PROVIDED RECORDS:

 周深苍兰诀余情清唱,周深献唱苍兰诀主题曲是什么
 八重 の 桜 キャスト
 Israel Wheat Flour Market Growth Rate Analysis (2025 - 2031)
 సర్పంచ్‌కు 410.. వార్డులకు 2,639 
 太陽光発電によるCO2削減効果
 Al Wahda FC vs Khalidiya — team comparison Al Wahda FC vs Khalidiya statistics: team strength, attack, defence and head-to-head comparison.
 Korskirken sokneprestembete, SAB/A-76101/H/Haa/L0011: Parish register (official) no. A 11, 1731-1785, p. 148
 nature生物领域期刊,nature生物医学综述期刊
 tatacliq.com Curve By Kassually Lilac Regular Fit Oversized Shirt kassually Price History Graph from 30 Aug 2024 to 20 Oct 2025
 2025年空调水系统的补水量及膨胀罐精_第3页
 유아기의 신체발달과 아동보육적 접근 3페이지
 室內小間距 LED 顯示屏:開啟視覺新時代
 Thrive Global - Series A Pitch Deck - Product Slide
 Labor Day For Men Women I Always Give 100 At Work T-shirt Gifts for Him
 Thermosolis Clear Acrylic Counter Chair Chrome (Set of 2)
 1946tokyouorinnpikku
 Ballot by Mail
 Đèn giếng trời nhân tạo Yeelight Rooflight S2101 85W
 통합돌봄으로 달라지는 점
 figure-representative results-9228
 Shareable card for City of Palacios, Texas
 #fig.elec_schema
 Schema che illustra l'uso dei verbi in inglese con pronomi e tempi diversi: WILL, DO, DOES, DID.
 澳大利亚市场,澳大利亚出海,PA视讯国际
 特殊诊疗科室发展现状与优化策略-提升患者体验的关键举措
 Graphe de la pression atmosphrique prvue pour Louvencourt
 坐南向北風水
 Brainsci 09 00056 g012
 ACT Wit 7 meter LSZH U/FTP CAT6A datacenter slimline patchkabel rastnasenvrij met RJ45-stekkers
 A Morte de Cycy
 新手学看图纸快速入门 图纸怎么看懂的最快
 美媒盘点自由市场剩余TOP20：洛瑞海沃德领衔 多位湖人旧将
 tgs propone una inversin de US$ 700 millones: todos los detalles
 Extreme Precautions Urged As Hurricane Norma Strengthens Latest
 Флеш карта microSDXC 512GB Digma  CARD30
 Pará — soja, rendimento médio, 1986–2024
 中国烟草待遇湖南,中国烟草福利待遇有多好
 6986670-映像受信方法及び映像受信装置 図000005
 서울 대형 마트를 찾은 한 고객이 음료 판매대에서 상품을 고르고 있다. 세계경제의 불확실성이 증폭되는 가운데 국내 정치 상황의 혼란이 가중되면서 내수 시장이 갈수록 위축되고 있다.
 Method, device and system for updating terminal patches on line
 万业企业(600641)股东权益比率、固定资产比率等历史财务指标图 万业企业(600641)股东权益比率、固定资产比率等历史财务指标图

PROBLEM REQUIREMENTS:
In the listing above, the line with "中国烟草待遇湖南,中国烟草福利待遇有多好" starts the part to copy. Copy it through the last line exactly, with nothing else.

ANSWER SECTION:
 中国烟草待遇湖南,中国烟草福利待遇有多好
 6986670-映像受信方法及び映像受信装置 図000005
 서울 대형 마트를 찾은 한 고객이 음료 판매대에서 상품을 고르고 있다. 세계경제의 불확실성이 증폭되는 가운데 국내 정치 상황의 혼란이 가중되면서 내수 시장이 갈수록 위축되고 있다.
 Method, device and system for updating terminal patches on line
 万业企业(600641)股东权益比率、固定资产比率等历史财务指标图 万业企业(600641)股东权益比率、固定资产比率等历史财务指标图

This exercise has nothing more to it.